Friday, September 9, 2016

True Confessions: My Boring, Boring, Boring Life Exposed!

You know your life might be getting just a little too boring when . . .
  • You look forward to the automated calls from your library telling you that the item you ordered has just come in, and you even engage in conversation with the computer-generated voice. What's really weird is when it turns out to be one of best conversations you've had lately.
  • One day you suddenly realize you haven't spoken face-to-face with a real human being, except for your daughter and sales clerks, for weeks.
  • The highlight of your social life is going to the downtown library every other week, especially if you get the good circulation clerk, not the frowny, unfriendly one.
  • You actually look forward with eager anticipation walking around downtown, while alternatively dodging and getting tangled up with the annoyingly clueless throng of Pokemon Go! players.
  • You know the schedule of your local NPR affiliate so well that you can tell what time of day it is by what's playing on your radio, and sometimes you even know what day of the week it is by what program is on.
  • You are so bored you waste hours engaging in what passes for political “debate” these days with a couple of knuckle-dragging, Trump-loving, crude-to-the-max, name-calling conservatives on an on-line comment section, even though you know from the beginning that it will change nobody's mind.
  • You get excited making the grocery list for your weekly trip to Target, a store you've been to literally hundreds of times before. And for added excitement you decide to go in the morning rather than making your usual afternoon trip. Then for a really wild time, you throw caution to the wind and go an alternative route. Life in the fast lane, watch out!
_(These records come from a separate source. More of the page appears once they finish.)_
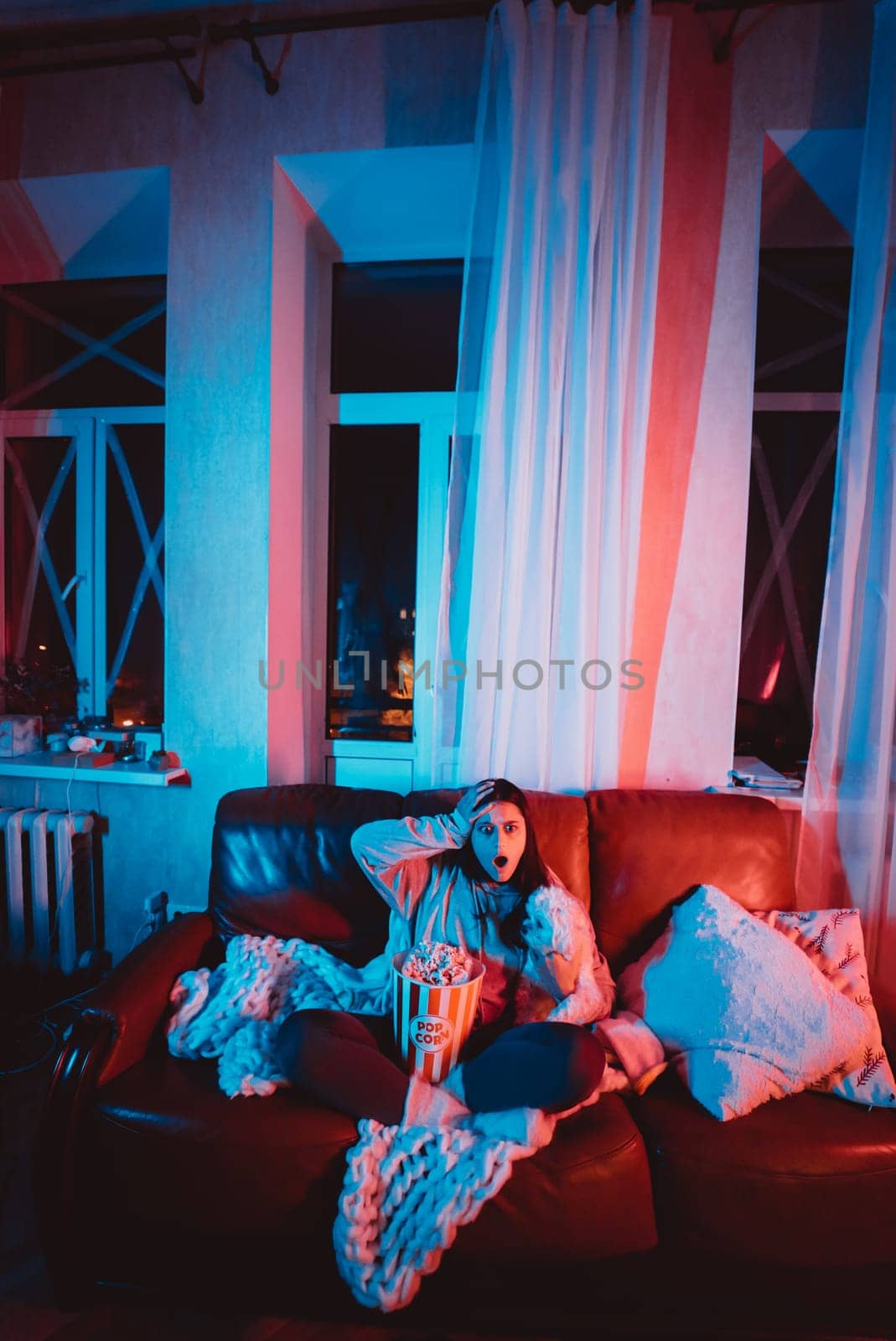 Beautiful young girl watching movie at home in a dark room with a popcorn bucket playing with her dog and sits in front of a monitor or TV watching movie. Crazy emotions. High quality photo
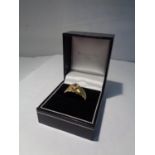 AN 18CT MENS GOLD DIAMOND SOLITAIRE RING WITH A GYPSY SETTING AND APPROXIMATELY 3/4 KARAT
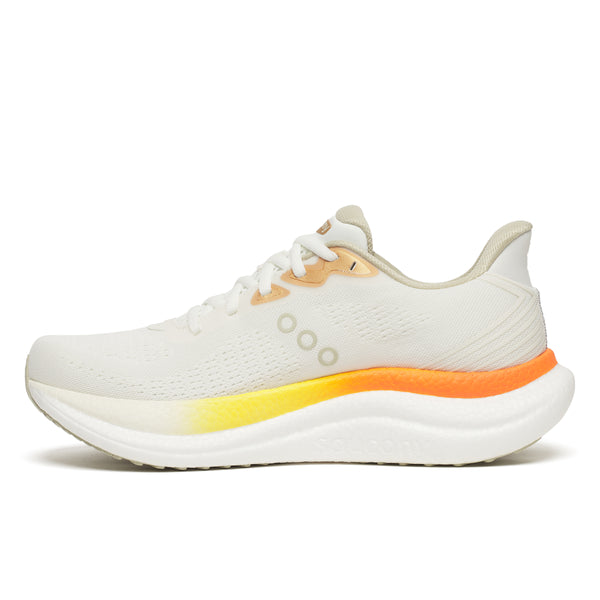 Saucony Triumph 23, Herre, Ivory/Fire er en hvid sportssneaker med overdel i mesh, beige detaljer, hvide snørebånd og en tyk sål, der går over i gult og orange ved hælen - designet til maksimal komfort. Vist fra siden på en almindelig hvid baggrund.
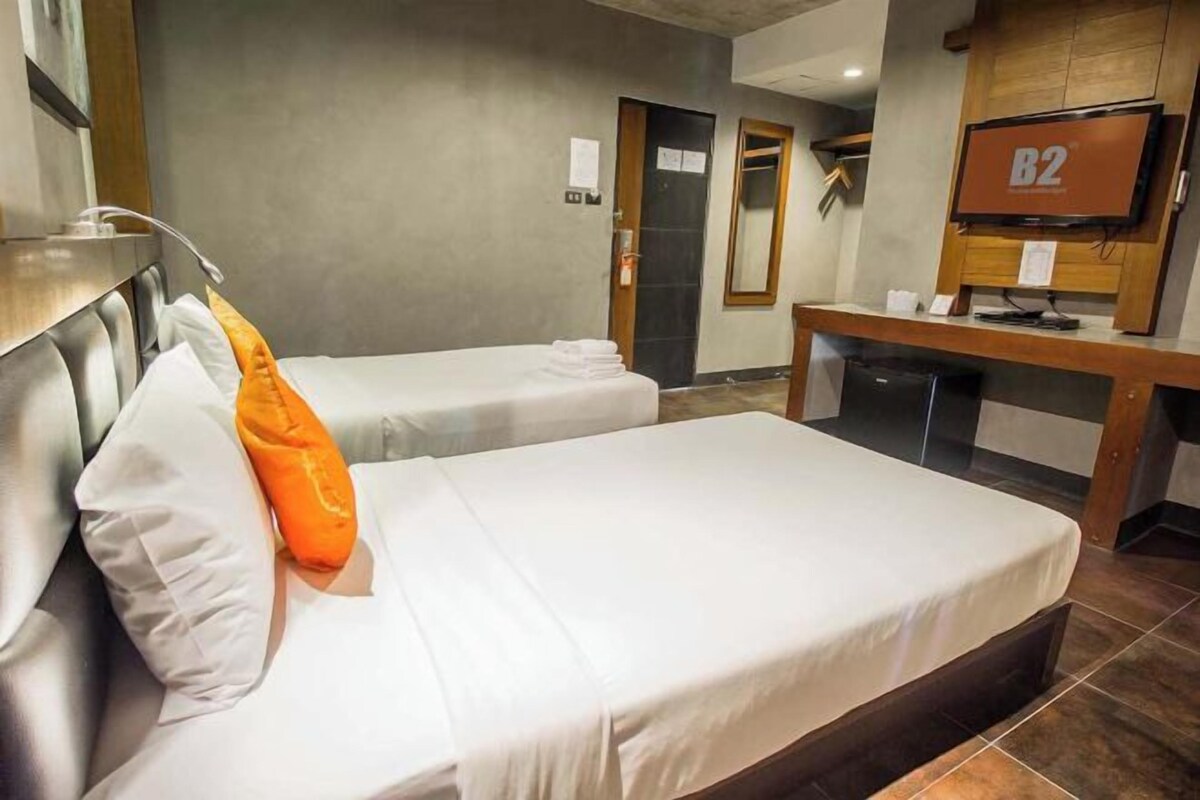 Ein Hotelzimmer mit zwei Betten, einem Schreibtisch und einem Fernseher.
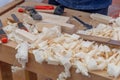 Tools and wood shavings on a carpenter's workbench. Carpentry work on wood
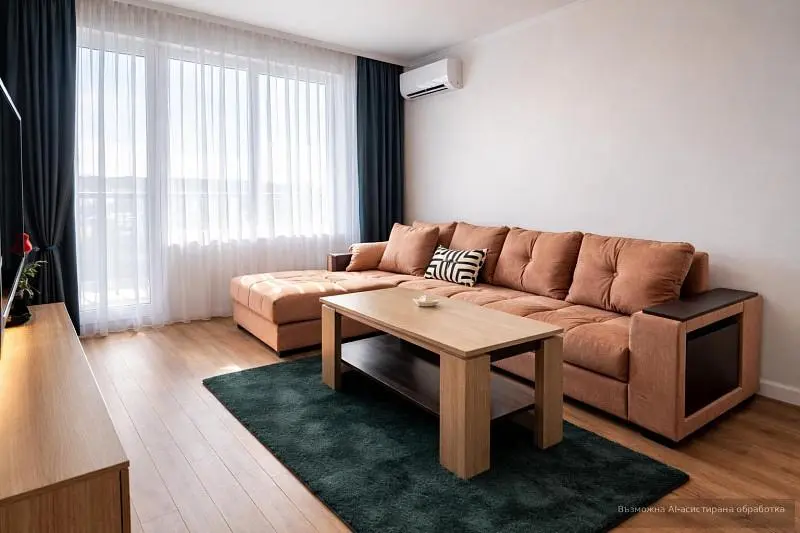 Soggiorno; luce naturale, pavimento in legno, stile moderno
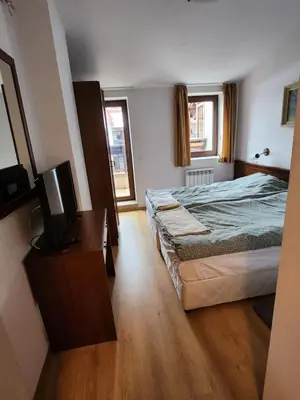 a bedroom with a bed and a television in it at Mountain paradise apartment in Bansko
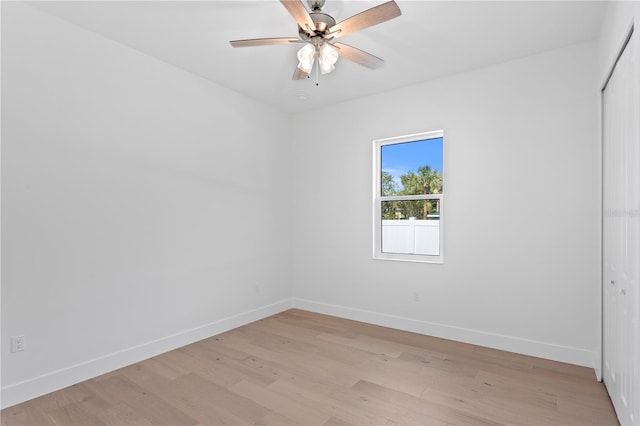 empty room featuring light wood-type flooring and ceiling fan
  • Even though you're not normally that great at crossword puzzles, you become obsessed one Sunday with the New York Times Sunday crossword and finish it completely. And you still have time to clean the house and make your usual Sunday phone calls to your siblings and dad.
  • You realize with utter mortification that you could describe in explicit detail, leaving out nothing, all the dates you've been on since you became a widower in front of your daughter, any child of any age, mixed company, even the Pope, without censoring anything. And if that's not depressing enough . . .
  • It then dawns on you with deep and utter embarrassment that your social life isn't rated triple-X, a single-X, R, not even PG-13, but G for general audiences, or, more appropriately, E for Extremely Boring.